For faculty members, Short Term can serve as a testing ground for new approaches to presenting a topic. This spring, for example, a theater course will bring in an improvisation expert to give students a fresh perspective on the plays of Samuel Beckett. A new history course will use the work of such food writers as M.F.K. Fisher and Julia Child as a lens for examining social history.

And a new interdisciplinary unit combining archaeology, history and environmental studies will explore how long-ago inhabitants of Scotland’s Shetland Islands dealt with the impacts of climate change. (This July course, by the way, is one of two 2006 Short Term units scheduled outside the regular five-week period. The other takes place during the Bates Dance Festival in July and August.)

Math major Alexandria Salton ’07 took one of 2005′s most talked-about new Short Term units, which studied roller coasters as a means of conveying principles of mathematics and physics. “This class was exactly what I had been waiting for,” Salton says, affording an opportunity to understanding theory in real-world applications — including a field trip to the roller coaster mecca, Ohio’s Cedar Point Amusement Park.

“The class also allowed me to work with another one of my passions, teaching,” Salton says. Assistant mathematics professor Meredith Greer granted the students plenty of latitude in their selection of a class project, and Salton ran with that opportunity.

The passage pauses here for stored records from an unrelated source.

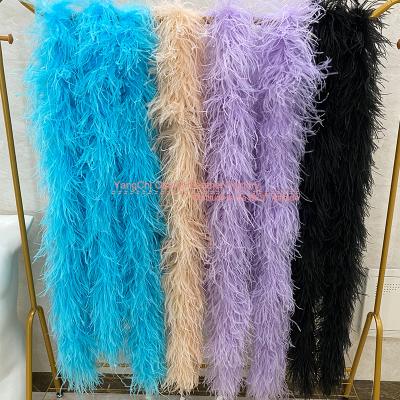 China Decorative Ostrich Feather Stole Green Ostrich Feather Boas 20 Ply 2 Meters Fluffy Boas Ostrich Feathers For Performance Wedding Party Dress for sale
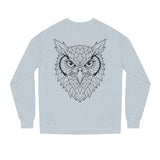 Gray owl sweatshirt from the Geometric Animal Series featuring "See Everything. Say Nothing." print, by Printify.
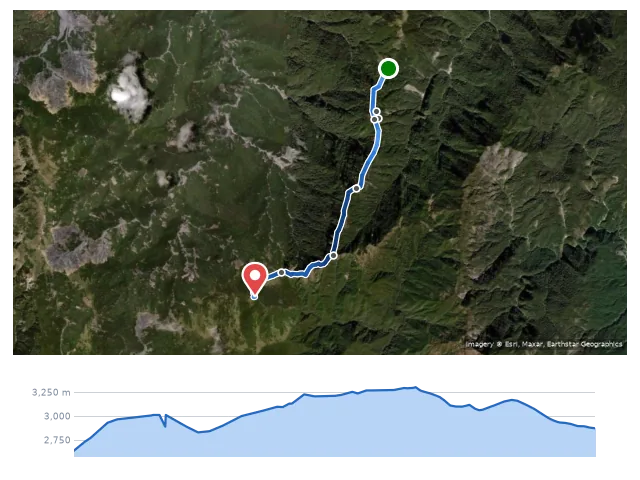D5 2595 鞍部 → 大小石公山 → 3135 峰 → 丹大山 → 太平溪源營地 路線示意圖與高程剖面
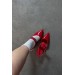 Markano Dias Kırmızı Rugan Çift Toka Pimli Kadın Topuklu Ayakkabı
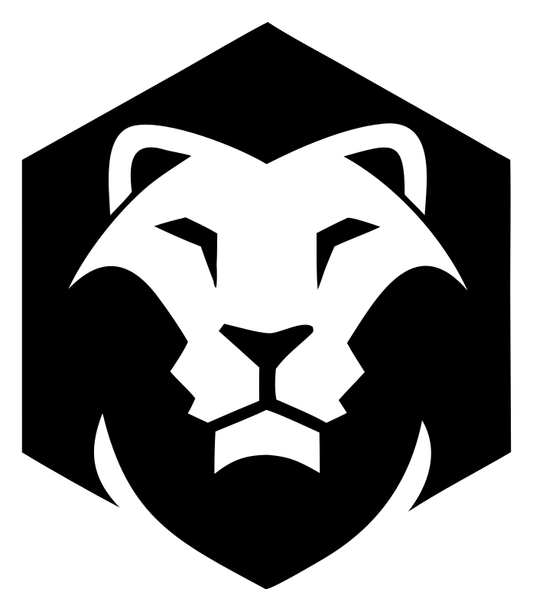 Negative Space Lion Hexagon Badge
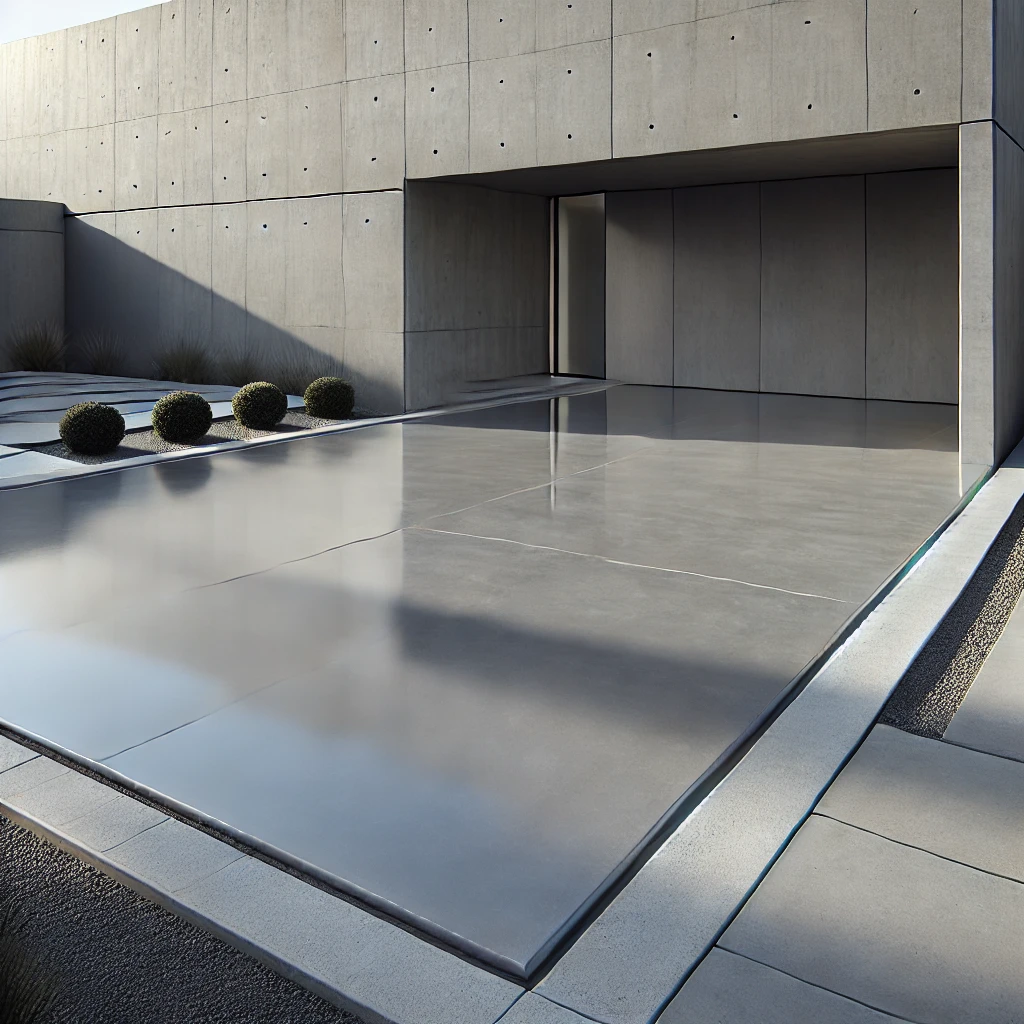 modern concrete driveway design - polished concrete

Salton and two classmates prepared a unit on physics and roller coasters that they taught to seventh-graders at Lewiston Middle School. “I really enjoyed this class because it included math, traveling, and teaching all in one,” she says. “It really rejuvenated my love for math, and even made me think about different career options involving math.”

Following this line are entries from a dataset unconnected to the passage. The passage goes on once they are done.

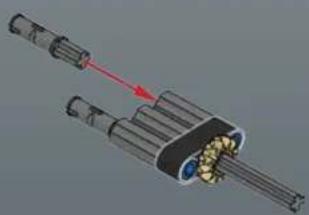 3D mechanical assembly diagram showing shafts and gears with a red arrow indicating direction (no text or symbols)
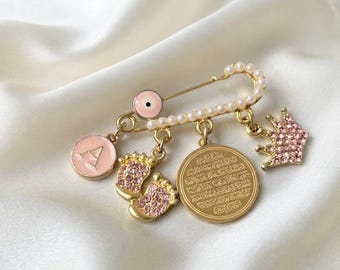 Cusom Ayatul Kursi  Baby Pin | Personalized Islamic Stroller Pin with Evil Eye, Pearl pin, Crystal Crown Charm | Newborn Nazar Gift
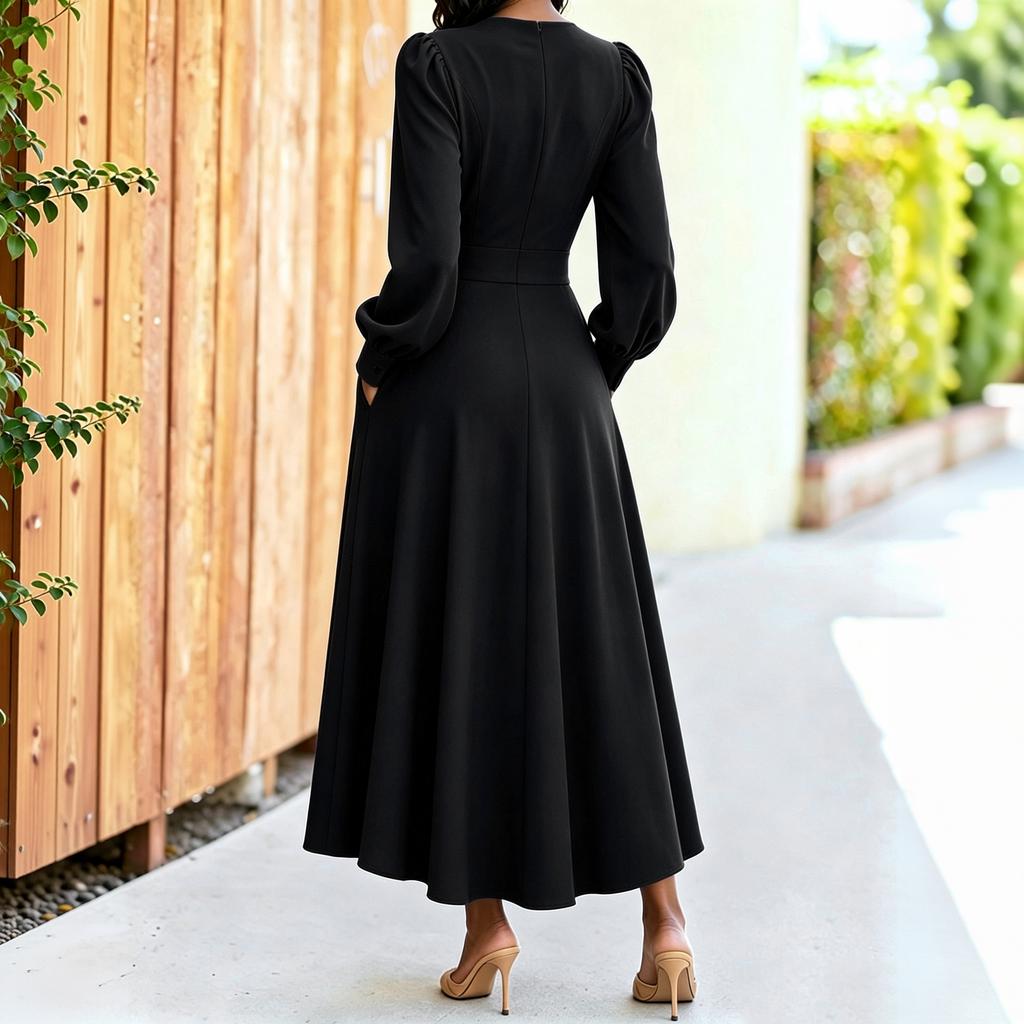 Women's Sleeve V-Neck Slim Fit Swing Dress with Pockets and Cinched Waist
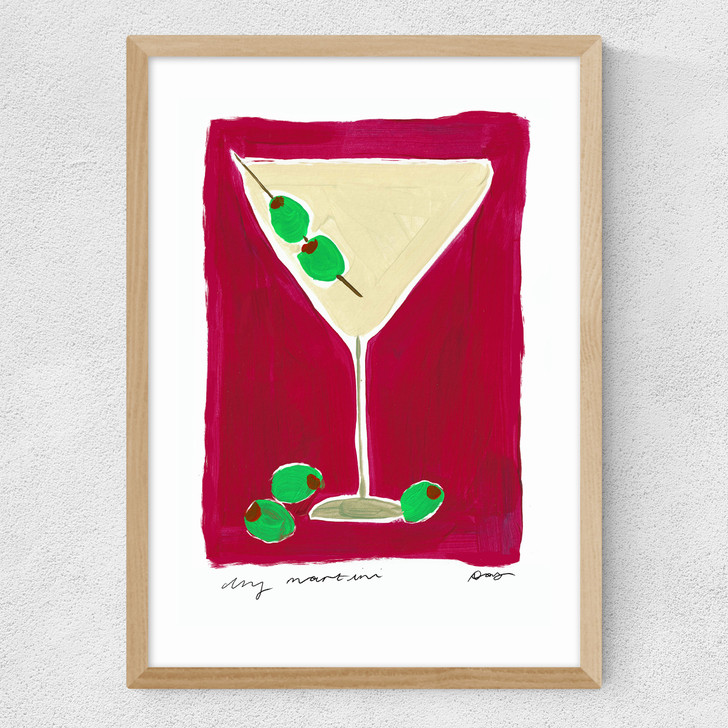 Dry martini cocktail art print by natalie cass in oak frame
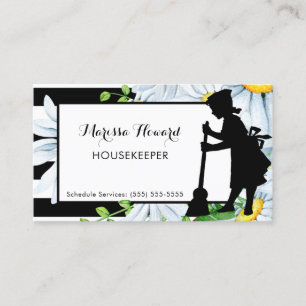 Carte De Visite Girly Maid Stripes et Daisy Floral Housekeeper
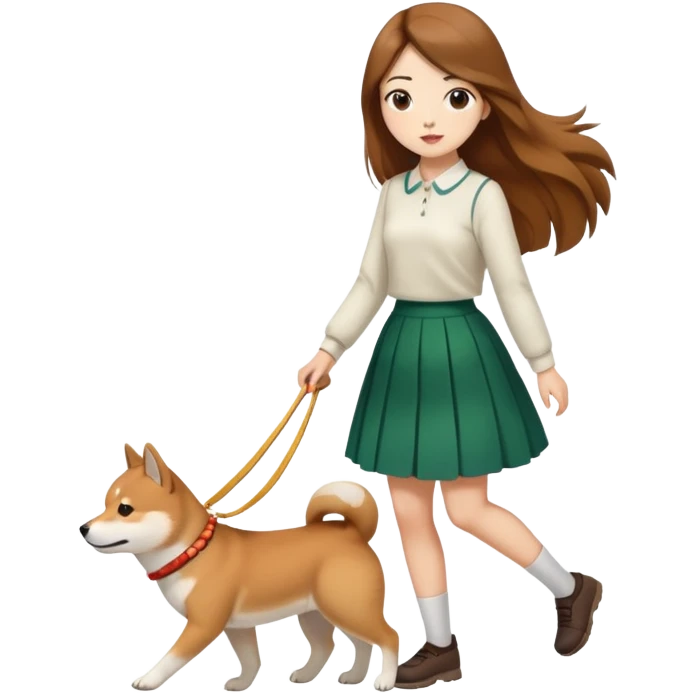 A girl with long brown hair and a skirt walking a Shiba Inu emoji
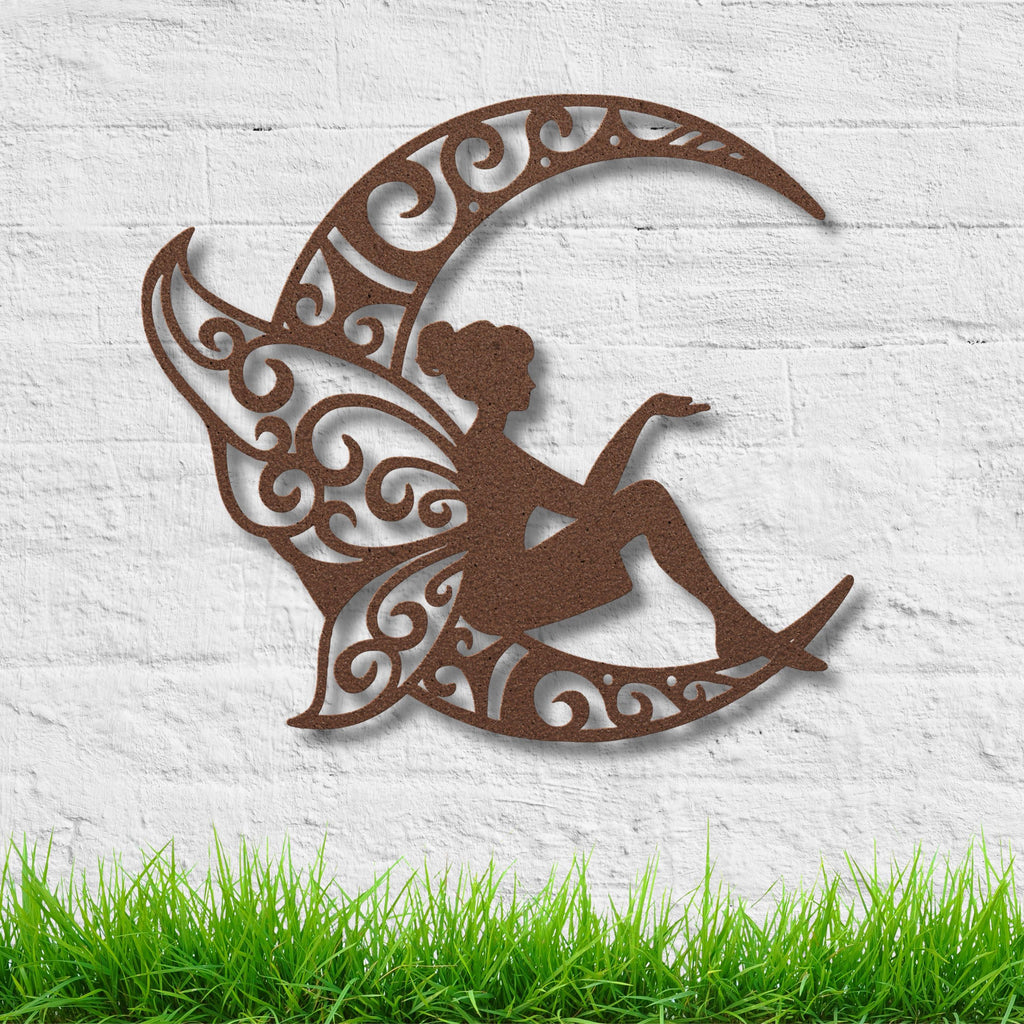 Fairy Metal Art – Crescent Moon Sign | Whimsical Wall Decor, Unique Black Nursery Hanging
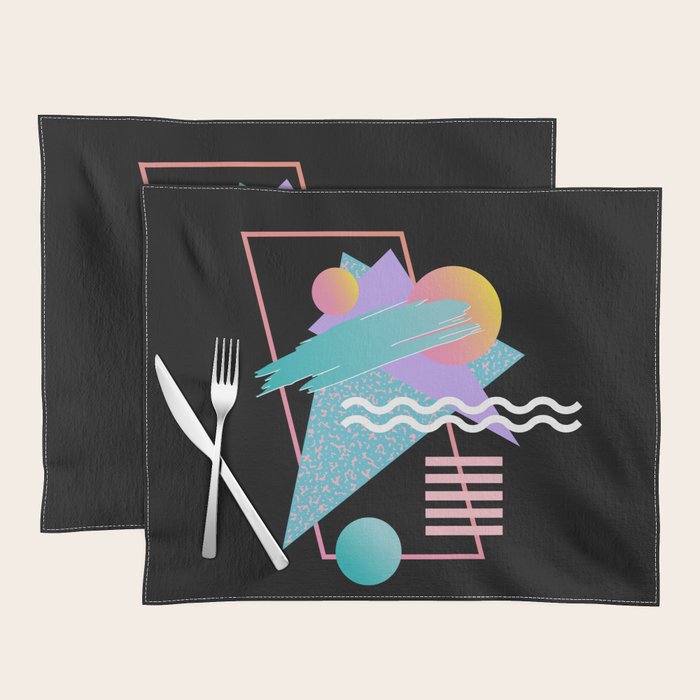 80s Retrowave Design - Memphis Pattern 135 Placemat Gallery Image 1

While study abroad during the fall and winter semesters is a common part of the college experience, travel during Short Term has a quality all its own. Now a member of the college’s Alumni and Parent Programs staff, Darcy York ’05 took “Shakespeare in the Theater” for her first Short Term. The program included a week of Shakespearean immersion in the Bard’s birthplace, Stratford-upon-Avon, and two weeks in London.

“I think we saw 14 productions in all,” York says, including the Royal Shakespeare Company’s A Winter’s Tale, the Royal Ballet’s Romeo and Juliet and a West End presentation of Kiss Me Kate, adapted from The Taming of the Shrew.

“The entire trip was a blast,” says York, “but seeing my favorite play, Twelfth Night — performed at the Globe Theatre by an all-male cast for the play’s 400th birthday — was one of the best things I’ve ever done.”

Its travel opportunities and bold experimentation may be Short Term’s most conspicuous qualities, but its greatest virtue is likely the intense focus that it allows students to bring to a single topic. “History Hell” (“Introduction to Historical Methods”) and “Math Camp” (“Introduction to Abstraction”) are legendary among Bates alums for creating both intellectual intensity and lasting friendships.

Other units bring this same intensity to study in a community setting. A biological chemistry major, Monique Brown ’07 used the biology unit “Work-Study Internship in the Natural Sciences” to pursue an area of particular interest: child psychiatry.

Working with adviser Kathy Claerr, an assistant in instruction in the biology department, Brown interned at a psychiatric institution for children. Involved directly with the young patients, “I worked from 12:30 to 8:30 p.m., five days a week,” Brown says. “The hours were long but worth it.”

“This experience had a major impact on my decision to pursue a career of medicine and possibly a specialty in psychiatry,” says Brown. “I was able to connect to the children in a way that I never thought was possible.”

For the unit’s required final project, Brown put together a booklet of the various tranquilizers and antipsychotic drugs and how they were used at the hospital. “I wanted to give back something to the institution,” Brown says. The booklet is still being used as a quick reference by hospital staff.